De ESPhil heeft roerige tijden achter de rug en is onder leiding van Zwart bezig te groeien. Ik hoop dat alle belanghebbenden betrokken waren bij het tot stand komen van de visie van Zwart en dat iedereen daar achter staat. De ESPhil heeft nog veel werk te doen om een stabiele kracht te worden in de filosofische wereld. Ik hoop, nu Zwart een jaar de kat uit de boom heeft kunnen kijken, binnenkort kennis te nemen van zijn visie hoe hij mijn faculteit wil leiden. Zoals Van der Duijn in zijn reactie op het verhaal van Muller schrijft, vindt ook hij dat dit denkwerk bij de ESPhil nodig is.

Een defensieve fusie zou iedere kans op verbetering vertragen, omdat ineens andere zaken een dominante rol gaan spelen. Experts van de Rotterdam School of Management kunnen ongetwijfeld laten zien dat veel fusies falen. Een organisatie die niet klaar is en een organisatie met een leiderschapsprobleem zijn geen ideale fusiekandidaten.
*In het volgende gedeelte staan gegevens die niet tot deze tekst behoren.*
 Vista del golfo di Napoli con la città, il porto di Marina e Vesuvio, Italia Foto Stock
Dat leidt tot grote problemen die interim-managers dan weer moeten oplossen, omdat de eigen mensen te dicht op de werkelijkheid zouden staan. Dan wordt er weer van boven ingegrepen en ontstaat er een situatie die aan de basis niet stabiel is. Zo blijf je jaren rommelen.
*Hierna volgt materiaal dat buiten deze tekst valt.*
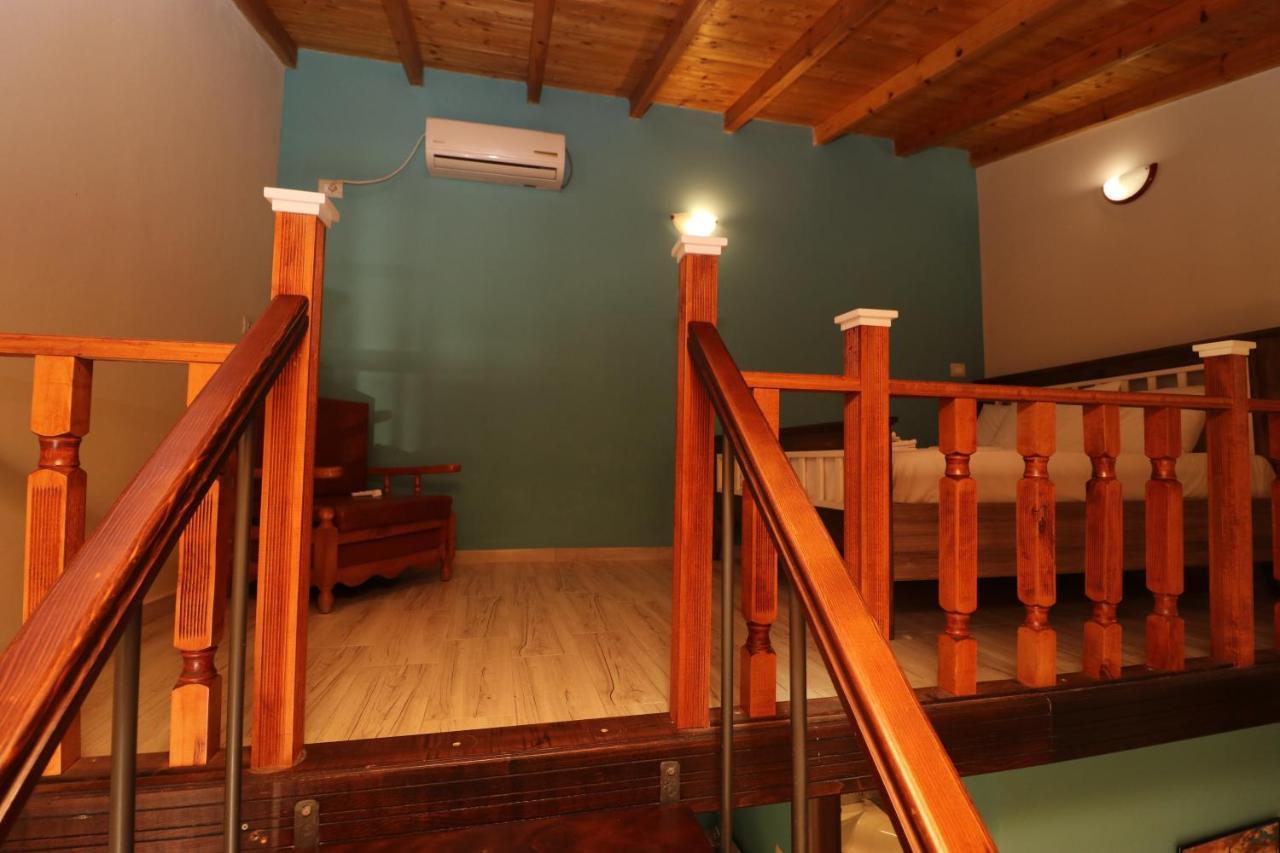 Vila Mateus Himare Luaran gambar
Een filosofiefaculteit is misschien nog wel meer dan andere faculteiten een verzameling van snedige debaters; welbespraakt maar ook gevangen in eigen gedachten en meningen. Die variëteit van gedachten en meningen past heel goed binnen een school voor filosofen, maar mogen de organisatie van die school als huis voor al die gedachten niet in de weg staan.

Het is de kunst om ons als studenten in een voortreffelijk gerund instituut vertrouwd te maken met veel verschillende gedachten en visies en het denken daarover. Dat is leuk voor de docenten, goed voor de reputatie van de EUR en komt het aantal tevreden studenten ten goede.

Zo’n instituut wordt voortreffelijk als gelijkwaardige aandacht aan alle stakeholders wordt besteed.

De geschriften van de hierboven aangehaalde scribenten gaan over elkaar. Er is geen sprake van dialoog en het is daarmee alleen een zoektocht naar het eigen gelijk. Dat eigen gelijk van de één is niet automatisch hetzelfde als het ongelijk van de ander. Het perspectief van student, personeel of CvB zal altijd verschillend zijn en daarom leiden tot andere ideeën over gelijk. Zodra de belangen van een van deze groeperingen over het hoofd wordt gezien, verkeer je in een kafkaëske bureaucratie, waar de positie van mensen belangrijker wordt dan het werk dat ze doen, belangrijker dan die mensen zelf! Terwijl organisaties door dit soort mallemolens worden gehaald is het gevaar groot dat het onderwijs daar onder lijdt. Een ongewenste situatie voor de student en geen reclame voor het instituut.